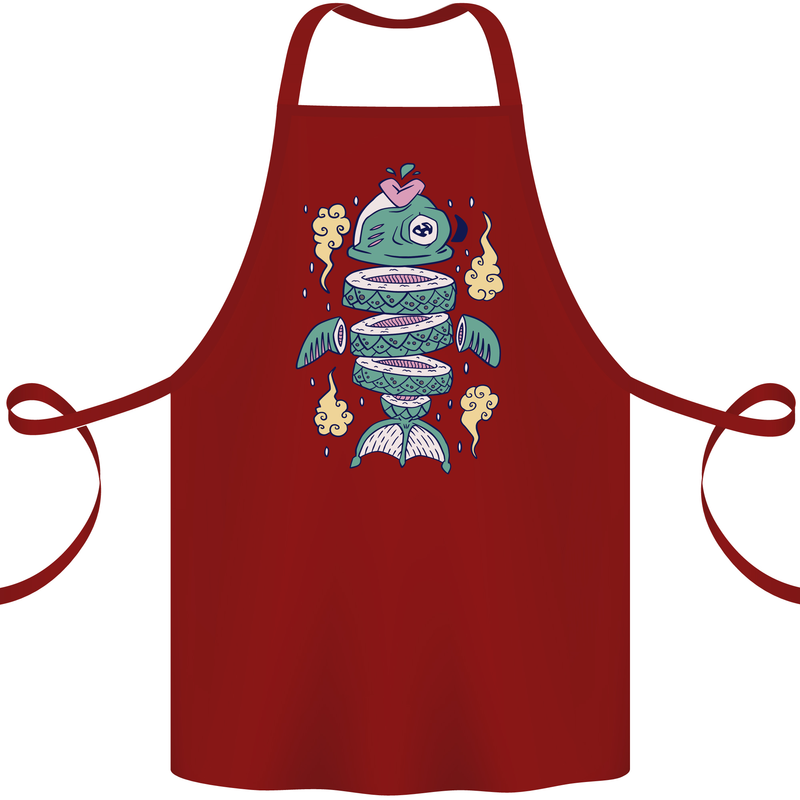 Funny Sliced Sushi Fish Fishing Fisherman Cotton Apron 100% Organic Maroon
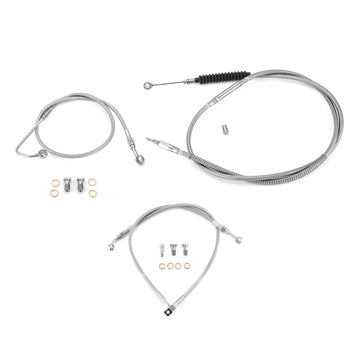 Extended Length ABS Upper and Lower Hydraulic Front Brake Line, Clutch Cable Kit for 2015 - 2017 Harley Softail w/ABS Models (for 12" - 14" Handlebar) - Mofun - 90109033
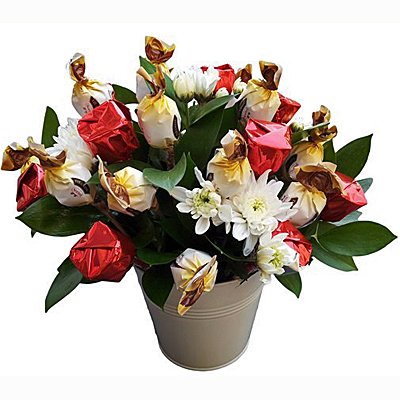 סידור פרחים מתוק - פרחי דליה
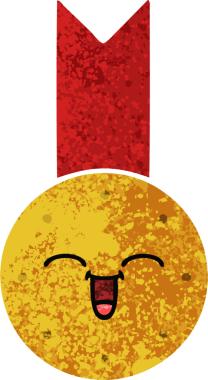 Bir insan tarafından çizilmiş altın madalyanın retro çizim tarzı karikatürü.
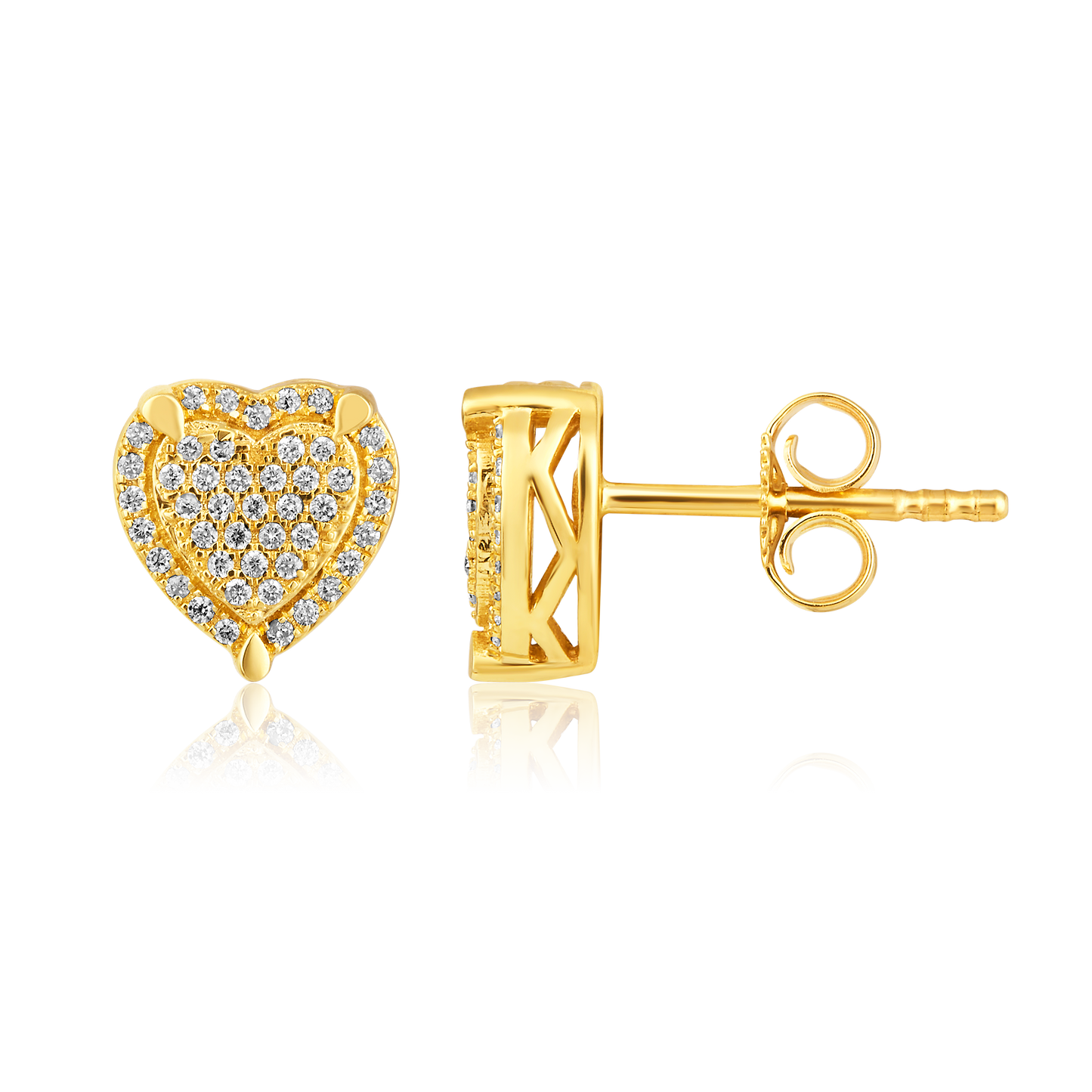 Solid Gold 0.2ct Natural Diamond Heart Halo Studded Stud Earrings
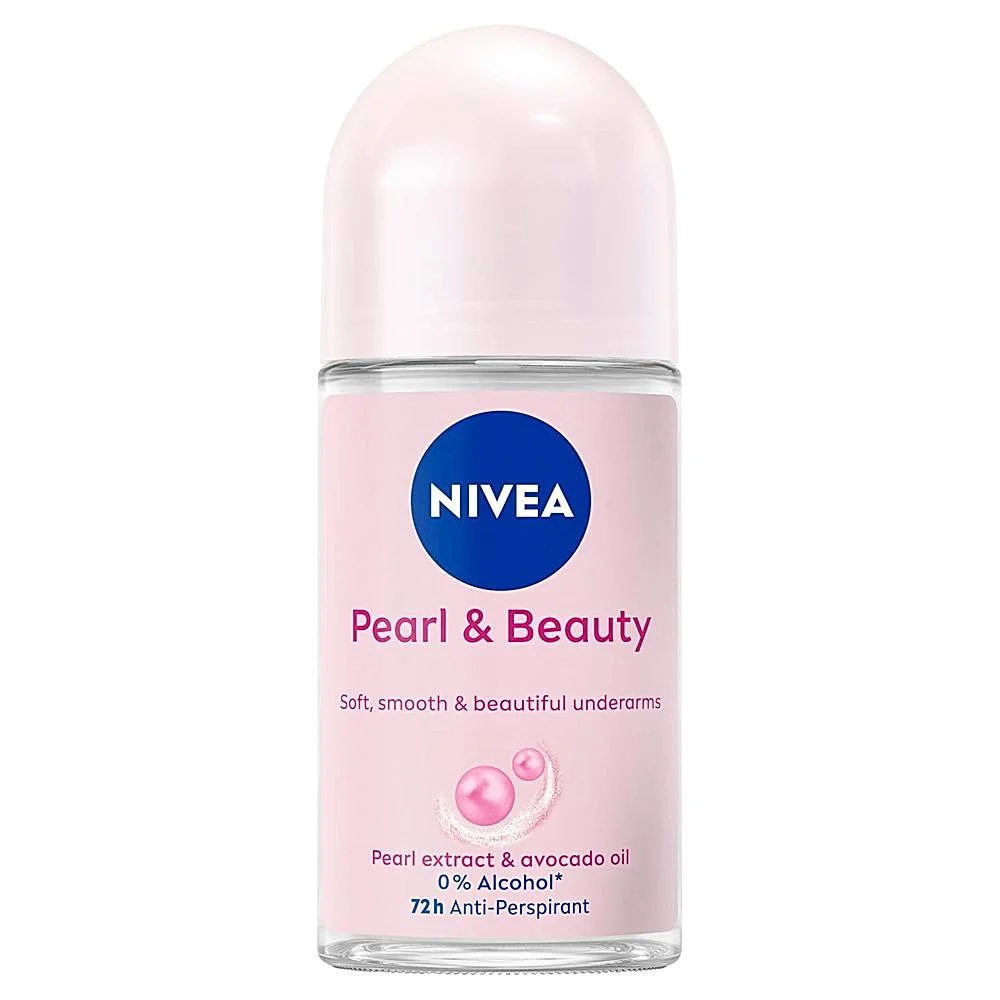 Women’s roll-on deodorant on a vanity counter, offering gentle care and long-lasting freshness.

# ABOUT THIS TASK
Skip the pictures and quote each line of the entries above, from the first through the line with "Bir insan tarafından", exactly as it appears.

# ANSWER FOR THE TASK
 Funny Sliced Sushi Fish Fishing Fisherman Cotton Apron 100% Organic Maroon
 Extended Length ABS Upper and Lower Hydraulic Front Brake Line, Clutch Cable Kit for 2015 - 2017 Harley Softail w/ABS Models (for 12" - 14" Handlebar) - Mofun - 90109033
 סידור פרחים מתוק - פרחי דליה
 Bir insan tarafından çizilmiş altın madalyanın retro çizim tarzı karikatürü.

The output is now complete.